Казак предложил мне принять участие в книге, посвященной семидесятилетию Копелева, то есть создать такой коллективный панегирик. Я уклонился.
Москва 2042
Этот роман «Москва 2042» я задумал еще задолго до эмиграции, в Советском Союзе. Мне было интересно предположить, что случится со страной в обозримом и не очень обозримом будущем. Я уже писал, что, когда уезжал, говорил друзьям:
– Через 5 лет в стране начнутся радикальные перемены.
– Да какие перемены, – возражали они, – как это может быть?
– Сейчас в Политбюро в основном старые люди, – объяснял я им, – но придут помоложе и начнут что-то менять.
– Кто придет? – говорил мне Бен Сарнов. – Ты же видишь, они набирают еще более старых.
Действительно, Брежнев взял на пост председателя Совета министров Николая Тихонова, который был даже немного старше его.
– Но это же противоестественно, – убеждал я друзей. – Это все скоро рухнет.
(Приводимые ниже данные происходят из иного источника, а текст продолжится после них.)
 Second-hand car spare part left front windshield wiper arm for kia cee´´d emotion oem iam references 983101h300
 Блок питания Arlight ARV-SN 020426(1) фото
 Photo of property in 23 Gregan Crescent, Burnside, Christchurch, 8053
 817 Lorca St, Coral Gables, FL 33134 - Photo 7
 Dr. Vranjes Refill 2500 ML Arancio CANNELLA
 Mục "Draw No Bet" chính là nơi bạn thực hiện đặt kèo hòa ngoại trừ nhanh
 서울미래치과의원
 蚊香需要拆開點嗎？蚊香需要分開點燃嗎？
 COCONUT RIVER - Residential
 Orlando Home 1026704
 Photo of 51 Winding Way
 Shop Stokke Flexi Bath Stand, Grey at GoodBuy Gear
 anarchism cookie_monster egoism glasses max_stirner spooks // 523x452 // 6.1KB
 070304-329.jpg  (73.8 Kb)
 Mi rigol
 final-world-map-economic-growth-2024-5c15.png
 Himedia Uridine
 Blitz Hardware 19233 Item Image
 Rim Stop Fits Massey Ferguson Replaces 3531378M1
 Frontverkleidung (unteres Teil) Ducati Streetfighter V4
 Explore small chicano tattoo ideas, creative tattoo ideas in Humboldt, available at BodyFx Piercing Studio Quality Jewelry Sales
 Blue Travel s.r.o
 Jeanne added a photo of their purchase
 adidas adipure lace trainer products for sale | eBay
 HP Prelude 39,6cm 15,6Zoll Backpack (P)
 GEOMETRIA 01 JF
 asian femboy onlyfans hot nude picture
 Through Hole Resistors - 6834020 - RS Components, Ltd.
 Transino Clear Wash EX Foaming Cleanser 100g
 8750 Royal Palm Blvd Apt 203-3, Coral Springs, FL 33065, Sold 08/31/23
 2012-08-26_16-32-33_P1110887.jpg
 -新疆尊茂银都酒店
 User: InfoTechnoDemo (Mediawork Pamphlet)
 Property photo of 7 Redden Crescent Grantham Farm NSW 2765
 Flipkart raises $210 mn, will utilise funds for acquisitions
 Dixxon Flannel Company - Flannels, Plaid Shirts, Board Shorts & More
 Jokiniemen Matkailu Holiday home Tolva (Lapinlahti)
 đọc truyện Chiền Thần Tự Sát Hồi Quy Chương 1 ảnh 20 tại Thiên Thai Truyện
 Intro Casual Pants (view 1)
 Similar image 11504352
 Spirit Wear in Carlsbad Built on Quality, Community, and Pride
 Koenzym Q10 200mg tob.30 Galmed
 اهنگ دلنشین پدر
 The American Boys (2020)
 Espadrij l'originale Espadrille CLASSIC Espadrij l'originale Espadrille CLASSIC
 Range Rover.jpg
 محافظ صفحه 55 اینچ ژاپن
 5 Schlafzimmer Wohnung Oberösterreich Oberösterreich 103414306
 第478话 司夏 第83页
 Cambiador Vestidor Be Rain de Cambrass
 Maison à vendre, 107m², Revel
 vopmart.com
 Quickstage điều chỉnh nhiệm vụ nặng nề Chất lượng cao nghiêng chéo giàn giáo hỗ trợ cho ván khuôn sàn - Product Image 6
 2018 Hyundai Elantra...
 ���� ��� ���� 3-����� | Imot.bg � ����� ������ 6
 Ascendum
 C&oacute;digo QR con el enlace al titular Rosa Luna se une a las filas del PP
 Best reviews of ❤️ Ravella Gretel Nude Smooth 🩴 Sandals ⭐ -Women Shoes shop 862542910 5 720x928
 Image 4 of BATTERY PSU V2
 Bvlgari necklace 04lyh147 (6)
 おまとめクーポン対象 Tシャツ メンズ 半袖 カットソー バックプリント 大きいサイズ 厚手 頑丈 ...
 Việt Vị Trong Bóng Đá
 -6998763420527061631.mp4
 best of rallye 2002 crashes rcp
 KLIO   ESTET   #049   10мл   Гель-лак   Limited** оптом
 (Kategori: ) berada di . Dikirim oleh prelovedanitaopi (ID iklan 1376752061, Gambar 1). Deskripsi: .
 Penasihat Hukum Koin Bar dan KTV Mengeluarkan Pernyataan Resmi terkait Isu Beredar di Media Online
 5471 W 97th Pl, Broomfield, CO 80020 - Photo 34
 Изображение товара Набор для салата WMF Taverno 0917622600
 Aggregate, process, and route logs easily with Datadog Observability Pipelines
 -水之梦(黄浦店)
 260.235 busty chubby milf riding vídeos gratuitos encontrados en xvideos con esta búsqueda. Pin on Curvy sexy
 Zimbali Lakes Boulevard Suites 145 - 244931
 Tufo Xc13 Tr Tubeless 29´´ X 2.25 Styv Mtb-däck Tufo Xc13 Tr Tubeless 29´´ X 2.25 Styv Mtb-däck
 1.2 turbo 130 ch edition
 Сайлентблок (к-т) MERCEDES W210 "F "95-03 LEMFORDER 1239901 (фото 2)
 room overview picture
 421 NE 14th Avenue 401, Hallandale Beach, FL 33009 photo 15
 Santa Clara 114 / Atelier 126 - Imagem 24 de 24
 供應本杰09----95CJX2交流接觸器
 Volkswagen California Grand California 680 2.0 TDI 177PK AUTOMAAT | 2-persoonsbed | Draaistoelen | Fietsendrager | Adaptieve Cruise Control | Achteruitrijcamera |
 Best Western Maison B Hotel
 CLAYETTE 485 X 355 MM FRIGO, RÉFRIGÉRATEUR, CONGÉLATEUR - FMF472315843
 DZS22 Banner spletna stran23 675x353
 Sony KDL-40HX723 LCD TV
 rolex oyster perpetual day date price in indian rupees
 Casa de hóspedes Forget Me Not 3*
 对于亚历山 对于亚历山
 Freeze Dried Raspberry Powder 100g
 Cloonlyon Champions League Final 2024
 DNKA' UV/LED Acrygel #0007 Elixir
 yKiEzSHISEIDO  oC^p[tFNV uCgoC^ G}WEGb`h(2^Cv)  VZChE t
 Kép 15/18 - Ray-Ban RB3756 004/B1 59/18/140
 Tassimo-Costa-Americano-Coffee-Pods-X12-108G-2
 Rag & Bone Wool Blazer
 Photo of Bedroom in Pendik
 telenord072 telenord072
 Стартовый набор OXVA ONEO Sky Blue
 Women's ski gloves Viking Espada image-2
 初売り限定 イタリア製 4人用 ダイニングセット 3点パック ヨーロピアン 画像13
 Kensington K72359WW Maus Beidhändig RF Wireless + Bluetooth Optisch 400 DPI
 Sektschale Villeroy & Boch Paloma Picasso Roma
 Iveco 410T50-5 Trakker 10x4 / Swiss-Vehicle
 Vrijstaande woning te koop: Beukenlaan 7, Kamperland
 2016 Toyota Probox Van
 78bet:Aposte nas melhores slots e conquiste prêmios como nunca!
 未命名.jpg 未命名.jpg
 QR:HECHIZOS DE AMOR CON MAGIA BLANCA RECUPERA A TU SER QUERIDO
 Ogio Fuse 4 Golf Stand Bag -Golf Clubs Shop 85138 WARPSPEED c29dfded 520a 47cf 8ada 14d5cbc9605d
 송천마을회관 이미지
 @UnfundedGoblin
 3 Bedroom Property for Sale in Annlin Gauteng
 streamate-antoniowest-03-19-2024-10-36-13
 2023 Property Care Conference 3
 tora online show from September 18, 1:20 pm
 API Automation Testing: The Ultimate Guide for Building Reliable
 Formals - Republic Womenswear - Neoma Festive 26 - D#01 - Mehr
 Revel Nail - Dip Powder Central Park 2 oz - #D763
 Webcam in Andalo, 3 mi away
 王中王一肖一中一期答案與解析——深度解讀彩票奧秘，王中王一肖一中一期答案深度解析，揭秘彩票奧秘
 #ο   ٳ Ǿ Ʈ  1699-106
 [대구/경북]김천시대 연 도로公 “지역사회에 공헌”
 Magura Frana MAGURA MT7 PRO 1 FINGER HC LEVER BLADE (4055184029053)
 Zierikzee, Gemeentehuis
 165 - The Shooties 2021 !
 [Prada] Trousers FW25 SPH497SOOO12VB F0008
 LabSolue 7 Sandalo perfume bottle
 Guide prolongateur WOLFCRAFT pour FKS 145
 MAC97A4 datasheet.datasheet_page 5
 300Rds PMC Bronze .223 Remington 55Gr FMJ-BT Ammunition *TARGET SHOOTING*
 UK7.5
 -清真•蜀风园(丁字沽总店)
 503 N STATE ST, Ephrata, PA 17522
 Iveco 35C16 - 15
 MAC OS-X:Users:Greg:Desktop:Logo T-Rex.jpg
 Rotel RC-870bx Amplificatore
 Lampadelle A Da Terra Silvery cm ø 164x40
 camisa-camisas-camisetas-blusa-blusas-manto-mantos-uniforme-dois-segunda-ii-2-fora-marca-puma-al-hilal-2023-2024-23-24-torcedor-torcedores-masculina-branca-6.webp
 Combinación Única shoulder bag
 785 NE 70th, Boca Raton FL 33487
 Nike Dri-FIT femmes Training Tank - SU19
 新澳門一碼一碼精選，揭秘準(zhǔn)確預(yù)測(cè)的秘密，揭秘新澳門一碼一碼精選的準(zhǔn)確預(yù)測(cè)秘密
Я видел, что посты советников и другие должности занимают новые, более разумные люди, и понимал, что грядет смена поколений. Те, кто сегодня пребывает в роли советников и референтов при большом начальстве, сами займут руководящие должности.
Но что будет с Советским Союзом, если этого не произойдет? И я задумал такой роман и даже начал рассказывать знакомым, как это может быть. Я помню, мы с Виктором Некрасовым сидели дома у моей любимой редакторши Анны Самойловны Берзер, и я им рассказывал о Сим Симыче Карнавалове, о том, как он въезжает в Москву будущего на белом коне. И они очень смеялись. Кстати, потом, когда я роман написал, они оба обиделись на меня за Сим Симыча. Некрасов в Париже держался со мной, как ни разу до того, сурово:
– Ну, как же так можно?
– Вика, – сказал я ему, – ты смеялся, когда я вам рассказывал свой замысел, ты сам мне рассказывал разные смешные вещи о Солженицыне. Почему смеяться между собой можно, а в романе нельзя?
После двух рюмок он стал к вымыслу моему снисходительней.
Идею романа я привез из Москвы. Но к работе приступил в 1982 году.
Сначала будущий роман назвал «Москва 2032», отсчитав 50 лет от 82-го года. Число 2032 было еще для меня заманчиво, потому что в том году мне исполнилось бы 100 лет, если бы я дожил. Но потом мне показалось, что я дал слишком небольшой срок, и прибавил 10 лет. Кроме того, повествование ведется от первого лица, как будто от меня, и я решил подальше отодвинуть этот персонаж от собственной биографии.